### Goal of the exercise
Set down the entries again word for word, without any of the images.
==================================================
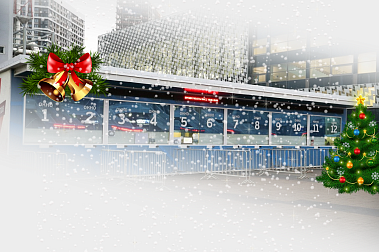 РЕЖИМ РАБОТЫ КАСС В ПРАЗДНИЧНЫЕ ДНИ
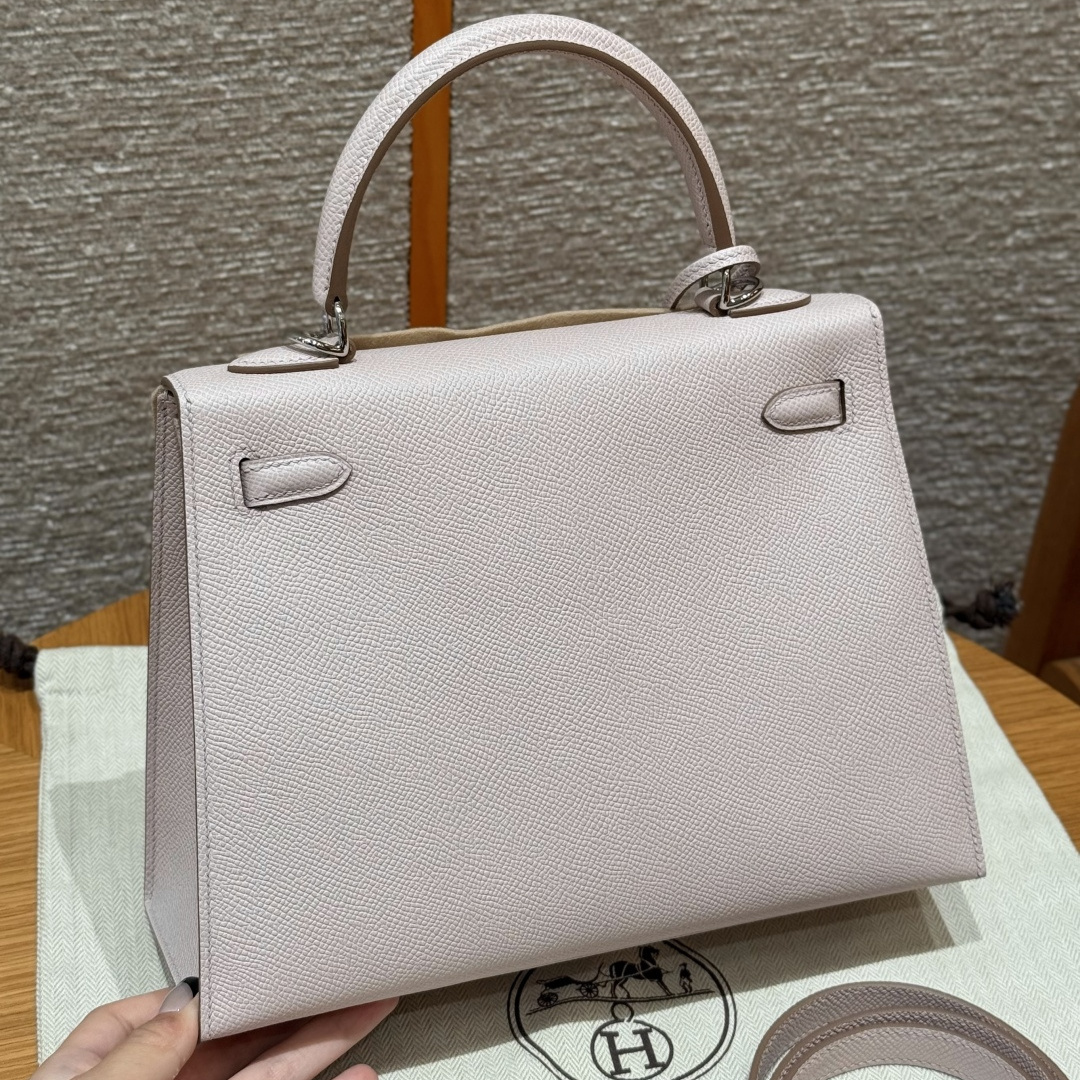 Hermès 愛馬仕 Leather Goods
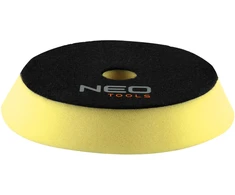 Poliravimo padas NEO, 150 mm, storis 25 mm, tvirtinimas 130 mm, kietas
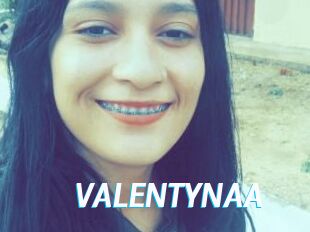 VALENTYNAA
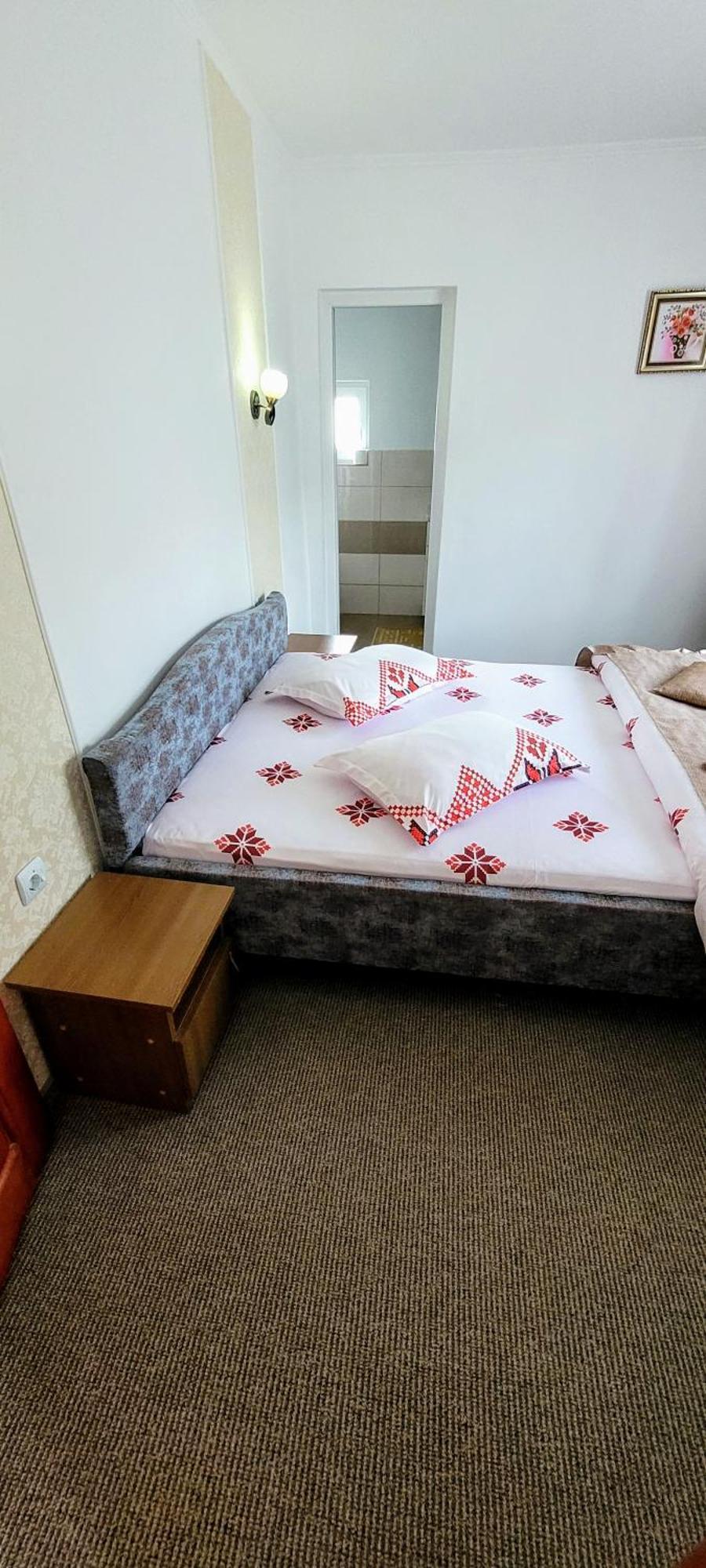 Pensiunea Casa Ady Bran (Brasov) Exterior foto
==================================================
### Solved exercise
 РЕЖИМ РАБОТЫ КАСС В ПРАЗДНИЧНЫЕ ДНИ
 Hermès 愛馬仕 Leather Goods
 Poliravimo padas NEO, 150 mm, storis 25 mm, tvirtinimas 130 mm, kietas
 VALENTYNAA
 Pensiunea Casa Ady Bran (Brasov) Exterior foto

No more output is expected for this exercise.